After the interview, prison officials moved Mr. Perry from C Block to the Uinta 1 Facility, the maximum security area of the prison. They did this for safety and security reasons. (See Tr. 1 at 44-45).
December 8, 2003 Session
On December 8, 2003, Investigator Perry initiated another interview with Mr. Perry. This time the interview took place in the contact visiting booth in the Uinta 1 facility. No one else was present. Investigator Perry read Mr. Perry his Miranda rights, and Mr. Perry signed a waiver of those rights. Mr. Perry contends that he was coerced into signing the waiver because of the conditions he experienced in the Uinta 1 facility a day or two before the interview. The interview lasted approximately two hours.
Because the court bases its ruling on Mr. Perry's right to an attorney, the court need not elaborate on Mr. Perry's allegations of harsh conditions in Uinta 1 between December 5, 2003, and December 8, 2003.
December 12, 2003 Session
Captain Green initiated the December 12, 2003 interview session with Mr. Perry. Another officer accompanied Captain Green. No other individuals were present. No Miranda warning was given. Mr. Perry referred to the interview as "informal" (Tr. 2 at 67) and testified that "it was more telling me about Kimball and asking questions about Kimball." (Id. at 74.)
January 12, 2004 Session
Mr. Perry initiated this interview session based on letters he had received from Mr. Kimball. He met with Investigator Perry, who gave Mr. Perry a Miranda warning. An attorney was not present. Mr. Perry signed a waiver of his Miranda rights, agreed to talk, and did not request an attorney.
CONCLUSIONS OF LAW
As noted above, Mr. Perry does not seek to suppress any statements made during the December 5, 2003 morning session. The government does not intend to present any statements made during the December 5, 2003 afternoon session, or the December 12, 2003 session. The court must determine whether to suppress the statements Mr. Perry made on December 8, 2003, and January 12, 2004. For the reasons set forth below, the court concludes that Mr. Perry's statements on December 8, 2003, were obtained in violation of his right to counsel and so must be suppressed. But his statements on January 12, 2004, an interview that Mr. Perry initiated, were lawfully obtained and so will not be suppressed.

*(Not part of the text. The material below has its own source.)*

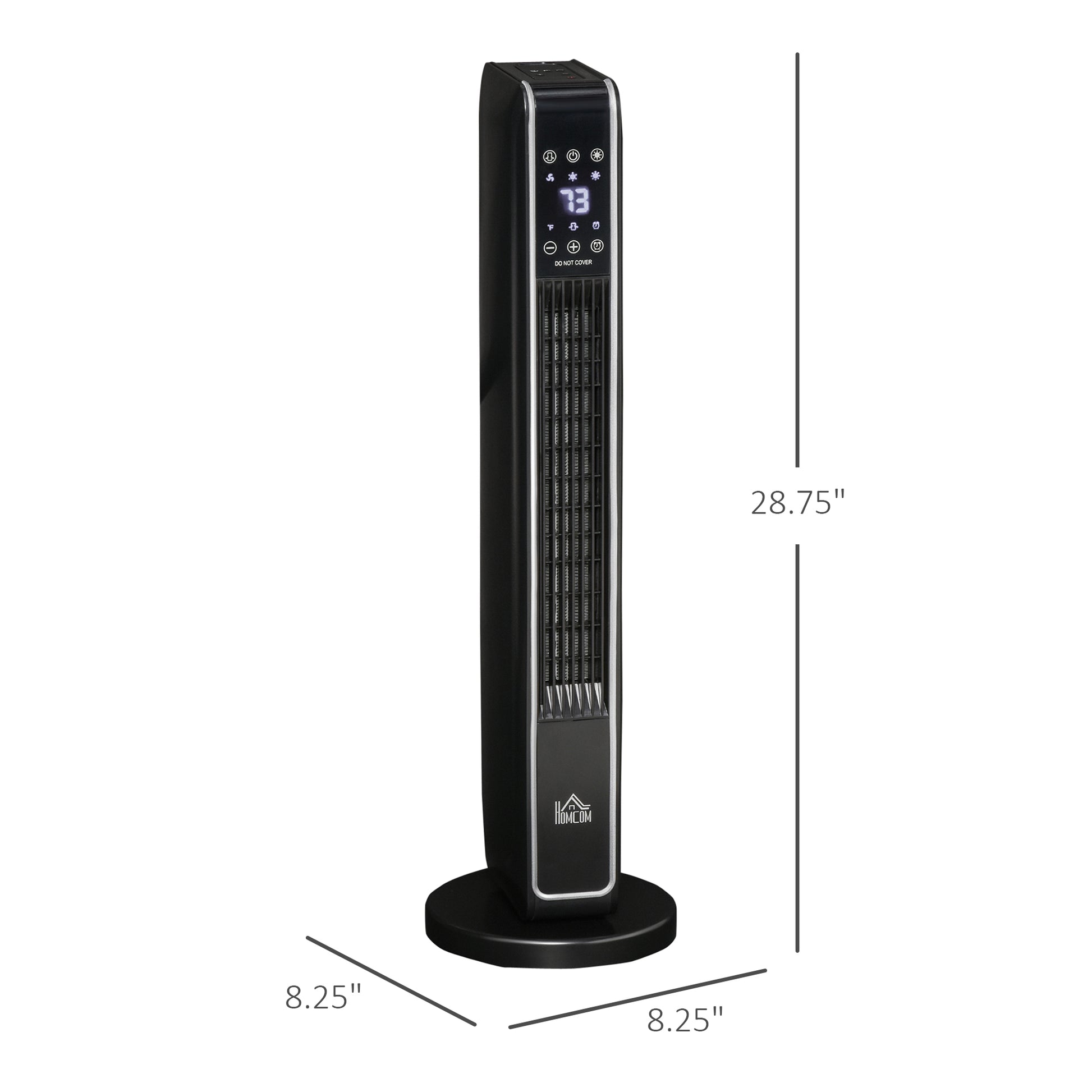 Homcom 2 In 1 Portable Electric Tower Heater, Oscillating Space Heater For Indoor Use With Remote Control, 8H Timer, Three Heating Modes High, Low, Fan , 750W 1500W, Black Black Plastic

December 8, 2003 Statements
The admissibility of the December 8, 2003 statements depends on whether Mr. Perry requested an attorney during the December 5, 2003 afternoon interrogation. This is so because if Mr. Perry requested an attorney, then all statements obtained during subsequent interviews initiated by law enforcement (including the December 8, 2003 interview) are inadmissible. "Interrogation of an accused must cease once the accused invokes the right to counsel." Clayton v. Gibson, 199 F.3d 1162, 1172 (10th Cir. 1999) (citing Miranda v. Arizona, 384 U.S. 436, 474 (1966));see also Moran v. Burbine, 475 U.S. 412, 423 n. 1 (1986) ("When a suspect has requested counsel, the interrogation must cease, regardless of any question of waiver, unless the suspect himself initiates the conversation.") (emphasis in original);United States v. Alexander, 447 F.3d 1290, 1294 (10th Cir. 2006) ("If an individual expresses his desire to remain silent, all interrogation must cease.") (citing Michigan v. Mosley, 423 U.S. 96, 100 (1975)). "Nonetheless, an accused may be interrogated further if, after invoking the right to counsel, he voluntarily initiates further communication with the police and waives his right to counsel." Clayton, 199 F.3d at 1172 (citingEdwards v. Arizona, 451 U.S. 477, 484-85 (1981)); see also Alexander, 447 F.3d at 1294 ("[A] defendant — even if he has asserted the right to counsel — may choose to reinitiate contact with the police so long as the government does not coerce him into doing so.") (citing Edwards, 451 U.S. at 484-85).
The December 5, 2003 afternoon interview was a custodial interrogation, as the United States concedes. (See U.S.'s Opp'n Mem. at 16.) And no Miranda warning was given.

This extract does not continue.